▸ **SOURCE MATERIAL**
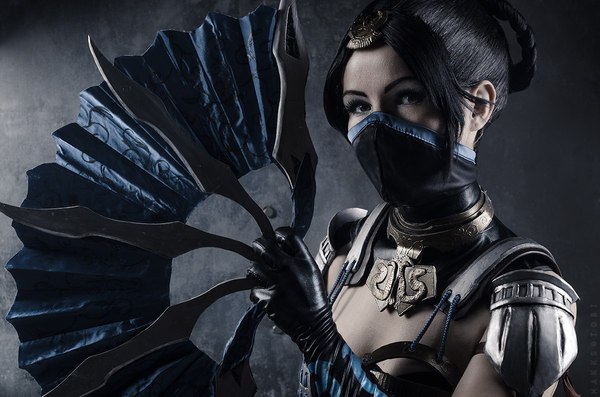 Cosplay kitana cực đẹp trong mortal kombat- rồng đen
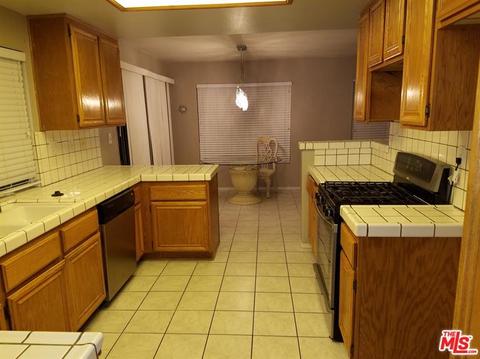 10225 Agate Ave, Mentone, CA 92359 photo 15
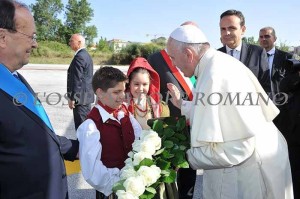 I due bambini, vestiti con gli abiti del gruppo 'La Mantigliana', hanno accolto a Campobasso Papa Francesco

▸ **WHAT YOU ARE ASKED TO DO**
Please retype the data exactly, but do not carry over any picture.

▸ **EXERCISE OUTPUT**
 Cosplay kitana cực đẹp trong mortal kombat- rồng đen
 10225 Agate Ave, Mentone, CA 92359 photo 15
 I due bambini, vestiti con gli abiti del gruppo 'La Mantigliana', hanno accolto a Campobasso Papa Francesco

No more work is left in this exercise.